▶ _Work request_
Using the records below, give again exactly the lines from the line that contains "Lands' End Men" through the line that contains "woman in a russian folk dress", both ends included, and only those.

▶ _Working data_

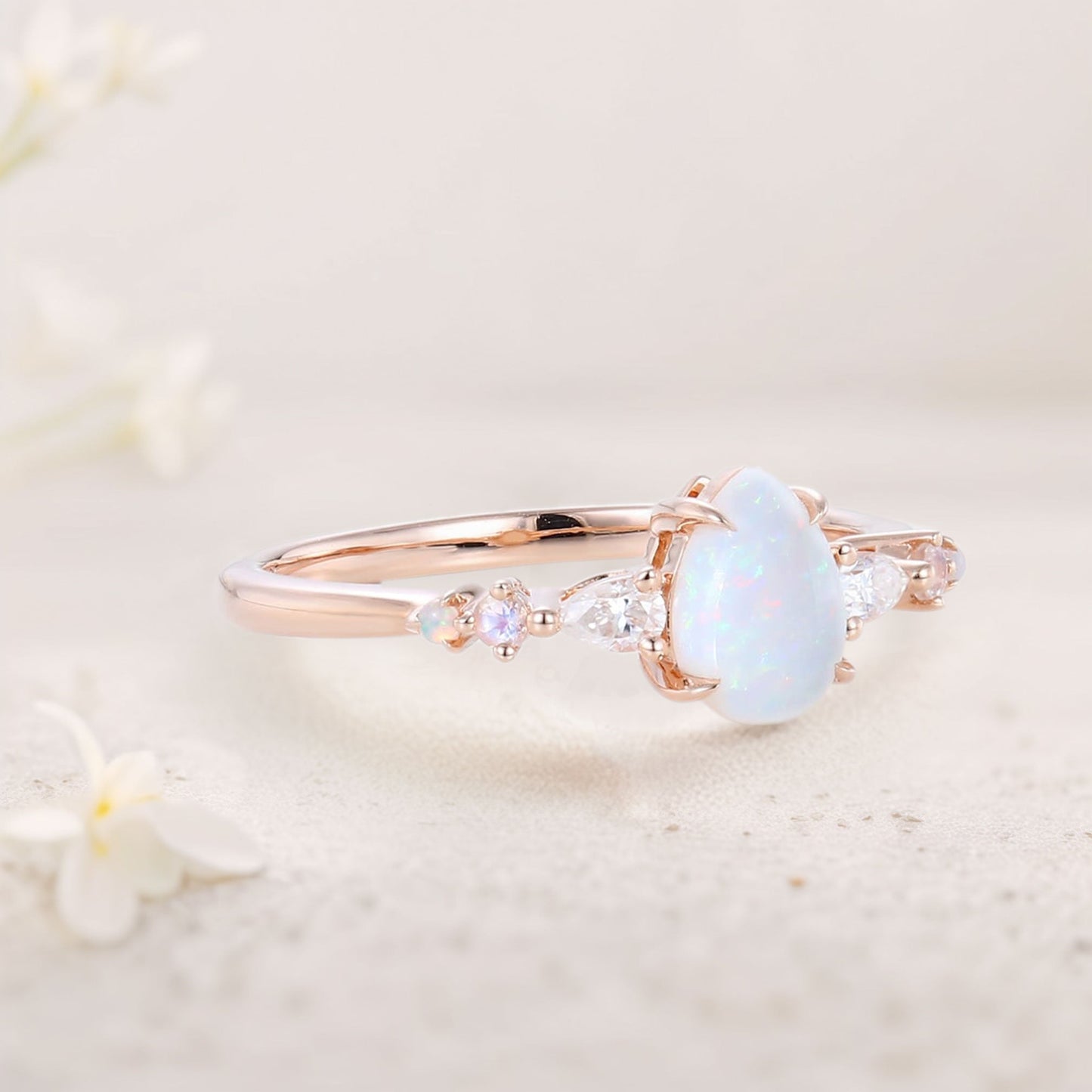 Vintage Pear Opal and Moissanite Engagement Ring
---
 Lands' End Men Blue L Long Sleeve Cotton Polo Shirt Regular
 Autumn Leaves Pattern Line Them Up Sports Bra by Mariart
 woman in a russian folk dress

▶ _Task answer_
 Lands' End Men Blue L Long Sleeve Cotton Polo Shirt Regular
 Autumn Leaves Pattern Line Them Up Sports Bra by Mariart
 woman in a russian folk dress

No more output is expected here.